Statistics from protocol to reporting

Arlenda can help you in the different stages of a clinical study with all the quality and expertise required by GCP:

  • Writing of the protocol, the statistical analysis plan and the clinical study report.
  • Programming of your Tables/Figures/Listings in SAS with full QC
  • Validation of your SAS programs

Model-based drug development

Model-based Drug Development is becoming the standard to move from pre-clinical to population of patients. It allows:

  • better data analysis by making a more effective use of all the available data, resulting in increased knowledge and science-based decision making
  • better trial design by understanding the data needed from the future trials and by knowing how best to obtain it to inform future decisions.

Arlenda may provide advices in global mode-based development strategy but also in its concrete implementation.

Translational sciences

Have you ever thought at the impact that the coefficient of variation of the analytical assay, its lower limit of quantification, the acceptance limits put at the laboratory stages, may have on the sample size needed for your clinical studies or even more on the decision taken on the basis of your clinical study results?
This is what Arlenda calls : "connecting the dots", i.e. making the links between the information you have in the laboratories and results of clinical , stability, ... studies. The gain in integrating the information from the laboratory into your statistical analyses may be huge. Arlenda offers you the possibility to make saving by optimal use of all the information you have in hands, for free !

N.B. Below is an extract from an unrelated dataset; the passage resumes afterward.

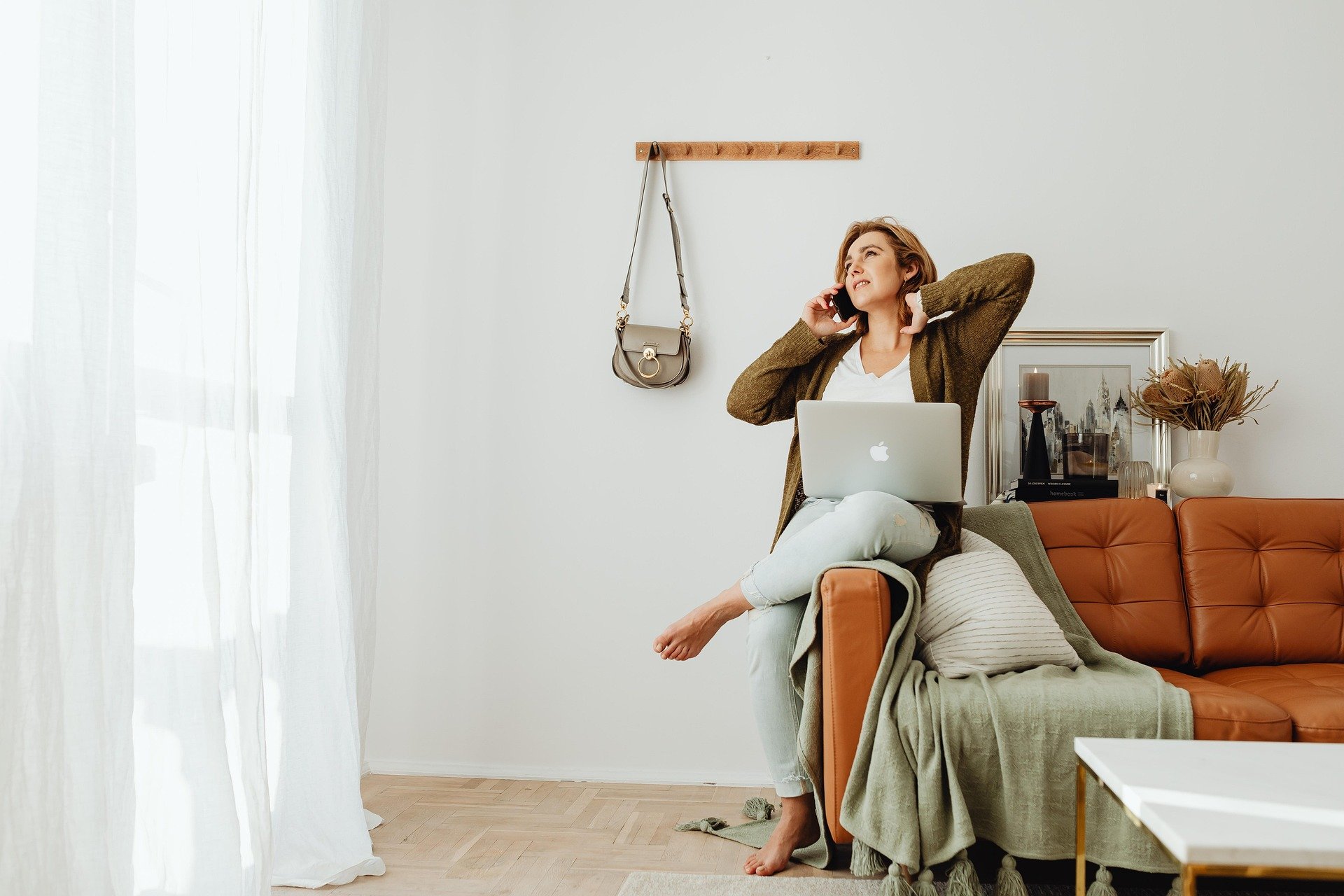 Woman building something of her own from home on laptop from couch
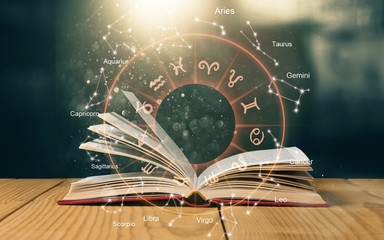 open book on old wooden table with astrology illustration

Clinical trial simulations

Everything is said in the "Guidance for Industry, End-of-Phase IIa meeting" from FDA :
"FDA recognizes trial planning may be improved by clinical trial simulations that employ quantitative models of drug-exposure-response, effects in placebo group, and disease progression. FDA would like to encourage the best use of this science to facilitate the exploration of trial design alternatives to increase the likelihood for successful trials."
Arlenda has a large experience in clinical trial simulations and may provide you advices and/or programming codes in SAS, R, WinBUGS,... to help you to design your studies by appropriate modeling of dose-response curves.

Clinical trial predictions

In early development, prediction is key since the purposes are to identify the range of dose, if any, that will guarantee both efficacy and safety in future late phase trials and to minimize the risks of investing in low success but costly late phase trials.
Arlenda has developed several tools including prediction-based clinical utility index (p-CUI) to allow better go/no go decision making. This p-CUI quantifies factors like a product's efficacy, safety, cost and makes trade-offs transparent to decision makers. Arlenda may adapt this tool to your situation.
Bayesian methodology is well suited for making prediction since it allows "to quantify what is going to happen in a trial from any point on (including from the start of the trial), given the currently available results", [D.Berry, 2006 ].

Adaptive and optimal designs

Do you plan to use an adaptive design for your next study? Don't neglect the simulations needed upfront to make sure that you will take the right decision at interim. This is certainly not an easy task and simulations should be performed in a lot of different scenarios to ensure that your decision criteria is robust, whatever will happened in your study.
Arlenda has already been involved in different types of adaptive designs:

  • Adapt doses or sample size
  • Based on AEs counting or exposure/PK-PD predictions

Arlenda can also propose you Bayesian adaptive sampling time design for constrained PK-PD studies such as pediatric studies for instance.
Arlenda may offer you advices in the setting of your adaptive design, run the simulations or act as independent statistician to conduct the interim analysis.